Solving a Cartesian and parametric equation at a intersection. A curve C has parametric equations:
$x=4cos(2t)$ and $y=3sin(t)$ $-\frac{\pi}{2} < t < \frac{\pi}{2}$
The normal of a point A$(2,1.5)$ on curve C has the equation $6y-16x+23=0$
The curve and the normal intersect again at point B. What is the Y and X values at point B?
I think that at point B, the x and y values of the normal and the curve C are identical and hence I tried to substitute the parametric equations into the normal equation in a attempt to determine T, which would allow me to find the X and Y values. 
However, after subsitiution, I got $18sin(t) -64cos(2t) +23 = 0$
I don't know how to solve this and it feels like i'm not on the right path.

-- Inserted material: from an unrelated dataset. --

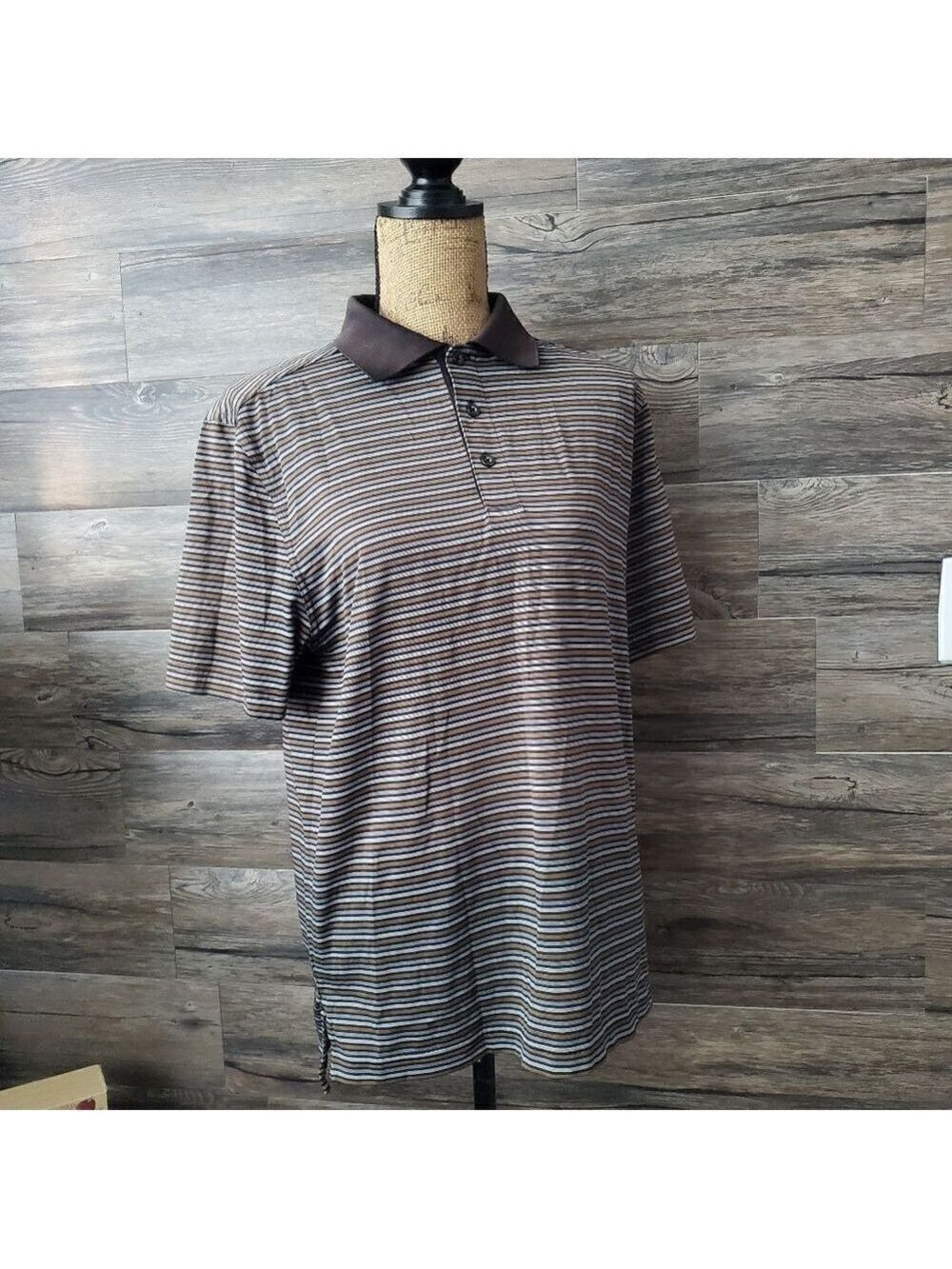Bobby Jones Golf Shirt Mens Small Brown Gold Performance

Can somebody clarify as to the best way to approach this problem?
Many thanks
 A: It seems the following.
You proceeded OK, and it rests to solve the equality $18\sin t  - 64\cos 2t +23 = 0$. Do it.  We have $\cos 2t=1- 2\sin^2 t$. So 
$18\sin t  - 64(1- 2\sin^2 t) +23 = 0$
$128\sin^2 t+18\sin t  - 41 = 0$
$\sin t=\frac{-9\pm 73}{128}$
$\sin t_1=\frac{1}{2}$ - this is for the first intersection point
$\sin t_2=\frac{-41}{64}$ 
$\cos 2t_2=1- 2\sin^2 t_2=\frac{367}{2048}$ - this is for second intersection point
Then $B=(4\cos 2t_2, 3\sin t_2)=\left(\frac{367}{512},\frac{-123}{64}\right)$.
A: You are on the right path.  If you solve that trigonometric equation for $t$, that will give you the values (plural) of the parameter for which the normal line intersects the parametric curve.  The Cartesian coordinates then correspond to plugging in that value of $t$ into the parametric equations.
So to get you started, write $$\begin{align*}  0 &= 18 \sin t - 64 \cos 2t + 23 \\ &= 18 \sin t - 64 (1 - 2\sin^2 t) + 23 \\ &= 128 \sin^2 t + 18 \sin t - 41. \end{align*}$$  Then let $u = \sin t$ and solve the resulting quadratic in $u$; then take the inverse sine to recover $t$.